Cocaine, said the comedian who knew whereof he spoke, is God's way of telling you that you have too much money.
"The Fruit Palace," Englishman John Nicholl's breezy evocation of the Colombian drug trade, had its genesis in a London meeting with his trendy, nose-to-the-wind publisher, who told him over an expensive lunch that countless readers were panting "to know 'the who, the how and the why' of the cocaine racket. I could tell him the 'why' without going to Colombia at all," the author recalled. "The 'why' is money."
Early on, Nicholl addresses the fundamental question about cocaine: "Why is it so phenomenally expensive? There are two obvious answers. First, because it is illegal. It is not the coke that costs, but the high risks of supplying it. . . . The second answer is the old economic adage: It costs that much because people will pay that much. . . . In a sense, people like it expensive. The price is all part of its ritzy mystique. On the grace and money circuits, a vial of white snuff is visible kudos. It used to be chopped up with razor blades, but now it's all credit cards."
Do we really need another book about the cocaine trade? Nicholl wonders along with us: "Had I really come all this way to write a story about cocaine? Not the plight of the Indians, the politics of underdevelopment, the ruination of the forests, or a dozen other worthy topics, but cocaine. Greed and folly in a handful of snow. A cheap, one-eyed glimpse up the skirts of South America."
Nicholl decides to charge into the breach. "The Fruit Palace," the result, is equal parts travelogue, documentary and drugged-out, madcap caper--the latter most reminiscent of "Romancing the Stone." At its best, the travel writing is lyrical and the Innocent Abroad adventure is not without a certain aimless charm.
But the discursive sections, detailing the economics and chemistry of turning Andean coca leaf into powdered platinum, are intrusive and occasionally so pedestrian that the author himself admits that he is treading water. On Page 202, he observes hopefully, "At last I was going to get this story off the ground." Another annoying distraction: Nicholl has a snide way of describing characters he meets, particularly non-Anglo-Saxons, in crudely and disparagingly racial and ethnic terms.
Then there is the matter of Fleet Street journalistic ethics, which is to say, none at all. In a bar, misleading a source, he muses, "All this lying for a few jottings on a paper napkin . . . how low could I get? The answer, had I but known it, was plenty lower. . . . The muffled cries of my conscience, gagged and bound in some cerebral cupboard, grew louder."
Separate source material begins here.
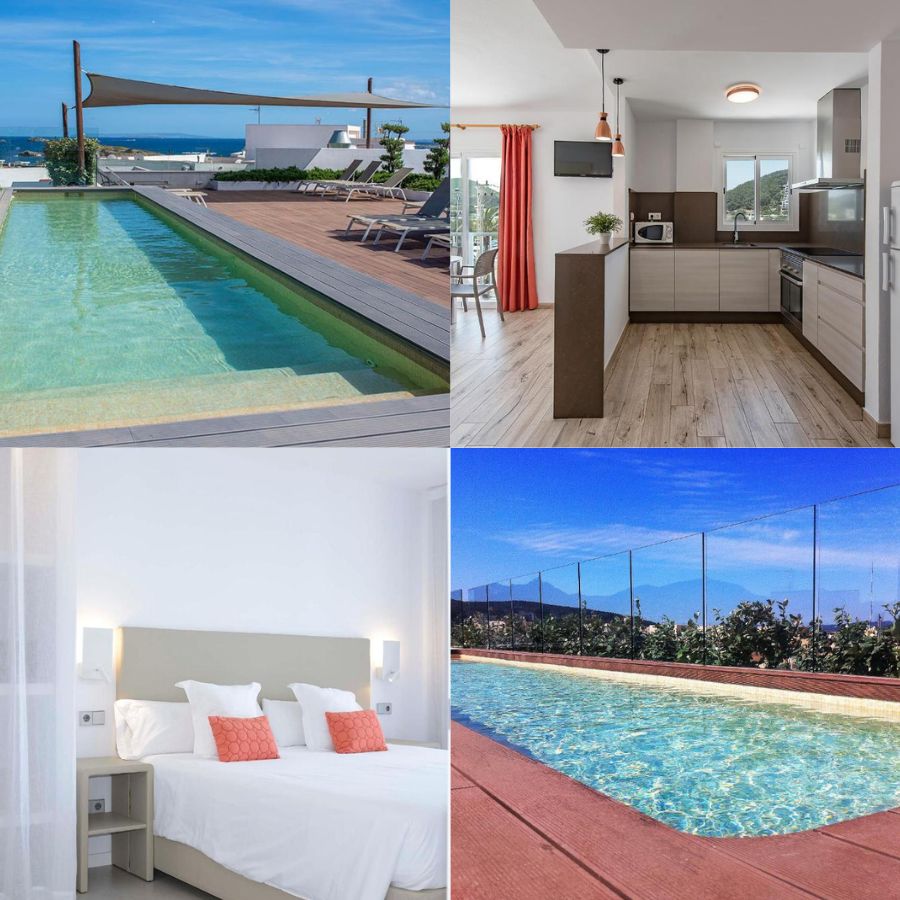 Apartaments B-Llobet Sun & Confort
What distinguishes this entertaining, quasi-factual version of "Adventures in the Snow Trade" from the dozens which have preceded it, is timing. Local, state and federal law enforcement officials inform us that the cocaine trade route is shifting from south Florida to Southern California, so we might as well get ready for the change in our lives.
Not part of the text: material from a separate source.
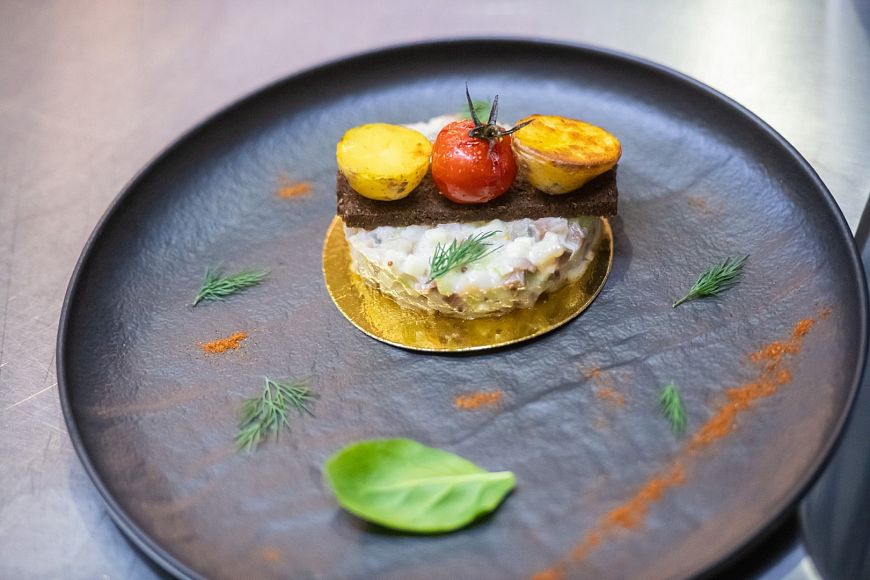 Путешествие с Клубом «Искусство Еды» на Кавказ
Nicholl rehearses the drug's corrosive effect, not only on the body of the user, but on the body politic of the societies in which it flourishes.
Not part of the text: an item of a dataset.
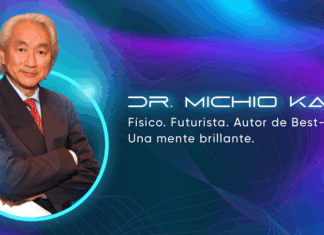 ¿Quién es Michio Kaku, el físico futurista más influyente del mundo, quien liderará el análisis sobre el futuro digital en ANDICOM 2025? Dr. Michio Kaku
As a result of the "offloading of narco-dollars," one of Nicholl's friends observes, Colombia "has got snow in the blood." The author then touches on the effect large-scale cocaine traffic has had in exporting--in addition to the narco-dollars--Colombia's "La Violencia" to suburban, middle-class neighborhoods of the Sunbelt. The cocaine trade helped turn Miami's metropolitan Dade County, already a refuge for right-wing gangsters and flesh-and-drug peddlers no longer welcome in their own countries, into North America's first Banana Republic. Between the resulting "hecklers' veto" and "dynamite democracy," one recently elected official frankly suggested that police could no longer guarantee the safety of those expressing political opinions to the left of Somoza.
Nicholl recalls one particular battle some years ago among the cocaine cowboys, this one Colombians versus their Cuban exile competitors, a running exchange of automatic weapons fire between vehicles on the interstate which ended in a fashionable south Miami shopping mall called Dadeland. After the Wild West shoot-out, they called it "Deadland."